I look to my left and see a taco stand. Taco Wëy. Sounds legit.

What time is it? Taco'clock

I order some tacos, pastor and arrachera. Both were delicious (the arrachera was slightly more tasty) and the salsa was great. The tortilla not so impressive, but I figure this could be a Tex-Mex thing. The tortilla isn’t corn, but it’s a weird fluffy flour tortilla. Very strange.

Some delicious Al Pastor - but note that fluffy tortilla!
Arrachera: a beast of a taco unable to be contained in a single photo

I eat my tacos alone on the sidewalk corner, watching the crowds.

There is so much madness, I am not sure where to go. The whole spectacle is baffling. A few police officers stand near the barricades, monitoring. A few minutes later, there are police whistles, but they seem unmoved, a sign I take to mean this is all pretty normal.

A cavalry of cops comes down the middle of the street. Six horse cops, blowing whistles for the crowd to part and let them through. There is no rush. It just is all part of this parading spectacle I am witnessing. Horsecops. Well, I guess that’s one way to know you’re in Texas.

After I finish my tacos, I decide to just wander and walk to one end of the 6th St barricades and then loop around to go the other way to the other end. At some point I talk to one of the many pedicab guys waiting around to taxi people. He said that this, what I already think is crazy, is actually a slow night.

I continue walking, trying to soak up my surroundings and this place. While I normally avoid crowds and find them draining, I am touched by the beauty of the architecture that surrounds me.
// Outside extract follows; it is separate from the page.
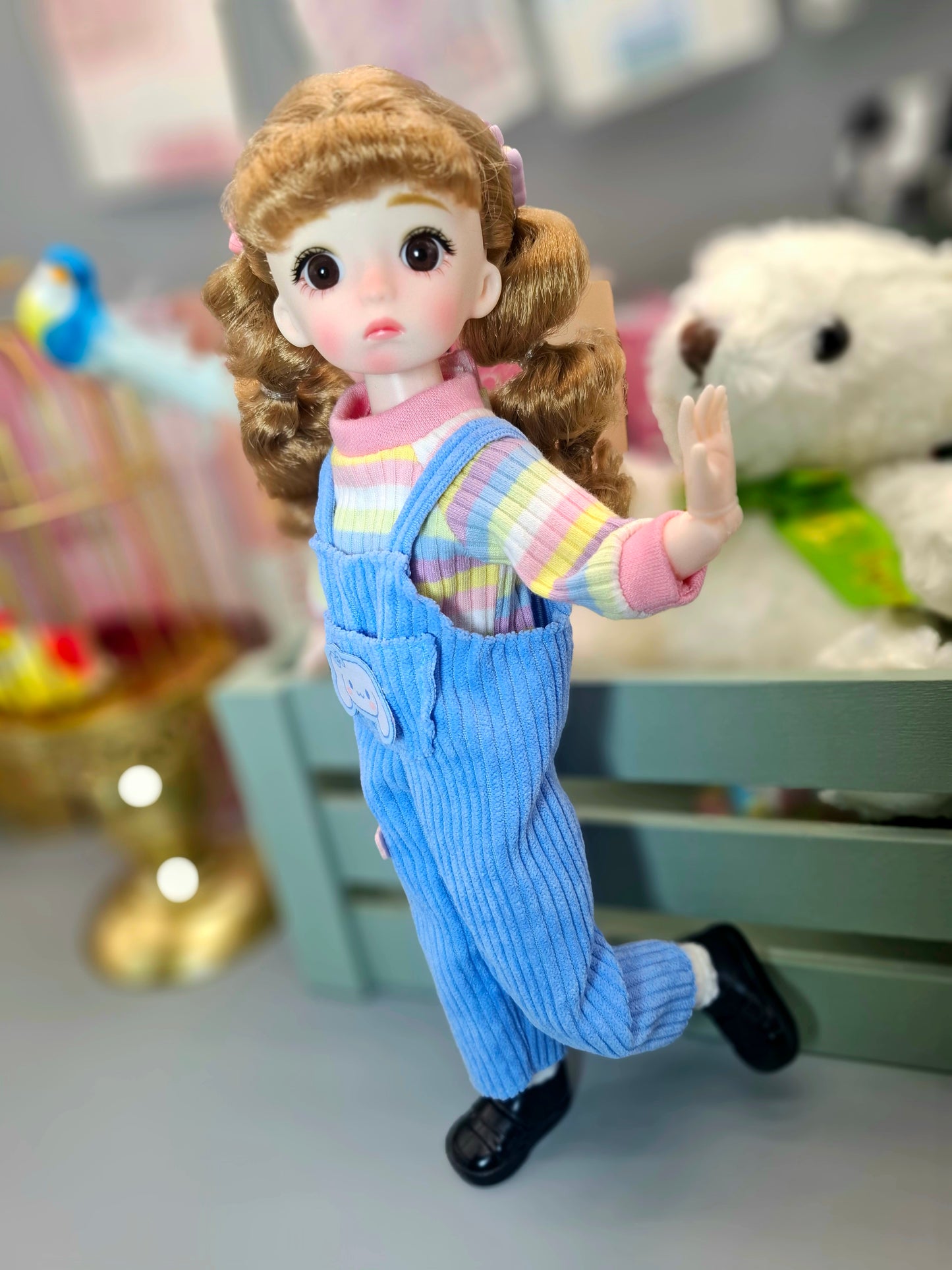 Golden blonde cutie in blue overall 30cm BJD doll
I see all the history around me in these old bricks and stones, wood and metal, tile and adobe styled buildings. I wonder how many of these buildings were standing when this area was Mexico’s (you know, before we stole it so we can build that wall).

I picture rancheros, old Mexican cowboys, roaming these streets on horseback: parched sand drenched in words like arroyo, compadre, and lluvia. It is strange to imagine these things while the buildings now stand dressed in strings of lights, windows aglow with neon colors, their signs of (probably) latex-based paint with incongruous names like Dirty Dog Bar, Shakespeare’s Ale-House and Voodoo Room–or mostly a large bat with glowing red eyes.
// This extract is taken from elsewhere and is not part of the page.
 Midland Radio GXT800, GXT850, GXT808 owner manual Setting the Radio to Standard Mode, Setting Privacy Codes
Through one of those smokey windows, I imagine some young ranchero fell in love with some young woman on her way to the river–and how many moments like those must be drowned now in drunk college girls pole-dancing in barely any clothing at all, drowned in the douchey college guys screaming in their modern quién es más macho routine that they may not even be aware of (and likely aren’t), and drowned in the clash of guitars, drums, and middle-aged men singing in English.
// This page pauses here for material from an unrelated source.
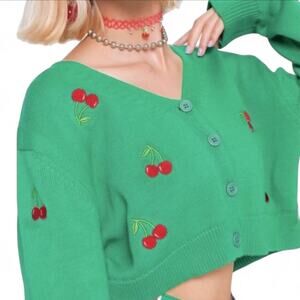 Sweet & Sinful green cherry print cardigan sweater feminine retro 50’s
How times have changed. We live in a strange place.

I tried to explain to a friend how isolating it is to be out in a crowd like this–the connections I feel don’t belong here. I see these old beautiful buildings dressed obscenely: I want to strip them down to just what they are and admire them. I want them to be naked! Empty and silent–no live music, no alcohol, no people. Only ghosts.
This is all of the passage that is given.